◆ **Exercise**:
For the entries below, repeat exactly each line starting with the one that contains "Πατάτες: Στο μέσο" and going on through the one that contains "Erciş’te Kar Yağışı", and no others.

◆ **Supplied data**:

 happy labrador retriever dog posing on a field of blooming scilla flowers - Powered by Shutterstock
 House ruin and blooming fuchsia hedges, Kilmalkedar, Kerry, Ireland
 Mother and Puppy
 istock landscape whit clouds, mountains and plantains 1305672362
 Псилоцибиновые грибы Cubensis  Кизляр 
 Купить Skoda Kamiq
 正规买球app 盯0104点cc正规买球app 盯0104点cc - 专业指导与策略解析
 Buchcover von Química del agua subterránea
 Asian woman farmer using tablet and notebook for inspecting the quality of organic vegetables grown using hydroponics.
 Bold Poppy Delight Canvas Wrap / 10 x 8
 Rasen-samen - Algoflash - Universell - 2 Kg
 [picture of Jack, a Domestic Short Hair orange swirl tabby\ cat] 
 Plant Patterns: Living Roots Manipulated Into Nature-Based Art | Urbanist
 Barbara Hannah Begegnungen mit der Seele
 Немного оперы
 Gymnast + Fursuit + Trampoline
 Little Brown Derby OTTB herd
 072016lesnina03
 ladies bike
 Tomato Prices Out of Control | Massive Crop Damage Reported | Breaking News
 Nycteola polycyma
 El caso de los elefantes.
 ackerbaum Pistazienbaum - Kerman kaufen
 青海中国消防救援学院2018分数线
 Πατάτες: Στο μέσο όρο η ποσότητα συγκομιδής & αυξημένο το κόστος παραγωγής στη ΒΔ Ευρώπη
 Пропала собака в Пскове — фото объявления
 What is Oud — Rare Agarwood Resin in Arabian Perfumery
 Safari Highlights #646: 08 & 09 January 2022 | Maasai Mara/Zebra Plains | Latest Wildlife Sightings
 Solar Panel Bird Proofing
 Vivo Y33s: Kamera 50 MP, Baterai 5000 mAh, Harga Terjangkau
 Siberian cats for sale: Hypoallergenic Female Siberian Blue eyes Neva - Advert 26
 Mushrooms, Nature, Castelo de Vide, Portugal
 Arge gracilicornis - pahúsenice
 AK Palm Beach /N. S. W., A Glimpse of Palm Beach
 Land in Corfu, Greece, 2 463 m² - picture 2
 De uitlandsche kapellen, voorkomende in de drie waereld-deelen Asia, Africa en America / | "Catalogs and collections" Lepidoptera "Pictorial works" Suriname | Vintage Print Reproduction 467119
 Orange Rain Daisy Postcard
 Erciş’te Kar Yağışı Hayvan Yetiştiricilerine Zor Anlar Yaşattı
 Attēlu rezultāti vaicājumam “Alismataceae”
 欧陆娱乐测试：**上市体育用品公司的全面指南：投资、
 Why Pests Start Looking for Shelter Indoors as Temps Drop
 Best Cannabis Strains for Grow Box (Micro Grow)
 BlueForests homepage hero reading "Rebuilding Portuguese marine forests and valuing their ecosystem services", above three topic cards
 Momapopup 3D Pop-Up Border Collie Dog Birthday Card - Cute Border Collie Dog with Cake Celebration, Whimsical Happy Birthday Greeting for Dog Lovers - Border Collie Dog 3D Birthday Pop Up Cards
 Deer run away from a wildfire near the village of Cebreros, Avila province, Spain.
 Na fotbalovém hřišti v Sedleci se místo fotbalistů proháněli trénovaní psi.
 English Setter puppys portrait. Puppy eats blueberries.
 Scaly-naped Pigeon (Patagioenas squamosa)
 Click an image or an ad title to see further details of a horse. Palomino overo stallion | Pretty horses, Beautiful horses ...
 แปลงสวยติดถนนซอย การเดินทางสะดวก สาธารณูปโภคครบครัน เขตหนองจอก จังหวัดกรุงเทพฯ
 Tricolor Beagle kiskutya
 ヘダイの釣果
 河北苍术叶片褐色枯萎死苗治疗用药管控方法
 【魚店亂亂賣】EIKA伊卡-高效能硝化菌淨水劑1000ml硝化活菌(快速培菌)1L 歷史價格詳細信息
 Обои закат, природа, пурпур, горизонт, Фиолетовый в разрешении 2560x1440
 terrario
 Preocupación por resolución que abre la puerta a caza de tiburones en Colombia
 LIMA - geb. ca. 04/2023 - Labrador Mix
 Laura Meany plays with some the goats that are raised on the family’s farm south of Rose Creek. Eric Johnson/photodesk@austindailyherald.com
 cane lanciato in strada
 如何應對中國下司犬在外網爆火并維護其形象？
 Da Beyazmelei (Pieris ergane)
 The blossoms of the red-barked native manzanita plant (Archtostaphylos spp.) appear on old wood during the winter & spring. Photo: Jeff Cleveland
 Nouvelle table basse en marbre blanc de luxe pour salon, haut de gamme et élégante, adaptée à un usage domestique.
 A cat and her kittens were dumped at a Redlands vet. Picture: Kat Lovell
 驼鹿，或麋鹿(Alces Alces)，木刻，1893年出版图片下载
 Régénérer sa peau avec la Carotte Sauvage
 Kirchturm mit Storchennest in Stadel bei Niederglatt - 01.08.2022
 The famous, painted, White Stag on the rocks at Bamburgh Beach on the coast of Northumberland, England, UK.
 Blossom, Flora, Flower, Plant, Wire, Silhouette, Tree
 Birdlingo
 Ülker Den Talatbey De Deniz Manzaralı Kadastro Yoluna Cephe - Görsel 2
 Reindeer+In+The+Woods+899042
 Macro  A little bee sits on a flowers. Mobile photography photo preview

◆ **Your response**:
 Πατάτες: Στο μέσο όρο η ποσότητα συγκομιδής & αυξημένο το κόστος παραγωγής στη ΒΔ Ευρώπη
 Пропала собака в Пскове — фото объявления
 What is Oud — Rare Agarwood Resin in Arabian Perfumery
 Safari Highlights #646: 08 & 09 January 2022 | Maasai Mara/Zebra Plains | Latest Wildlife Sightings
 Solar Panel Bird Proofing
 Vivo Y33s: Kamera 50 MP, Baterai 5000 mAh, Harga Terjangkau
 Siberian cats for sale: Hypoallergenic Female Siberian Blue eyes Neva - Advert 26
 Mushrooms, Nature, Castelo de Vide, Portugal
 Arge gracilicornis - pahúsenice
 AK Palm Beach /N. S. W., A Glimpse of Palm Beach
 Land in Corfu, Greece, 2 463 m² - picture 2
 De uitlandsche kapellen, voorkomende in de drie waereld-deelen Asia, Africa en America / | "Catalogs and collections" Lepidoptera "Pictorial works" Suriname | Vintage Print Reproduction 467119
 Orange Rain Daisy Postcard
 Erciş’te Kar Yağışı Hayvan Yetiştiricilerine Zor Anlar Yaşattı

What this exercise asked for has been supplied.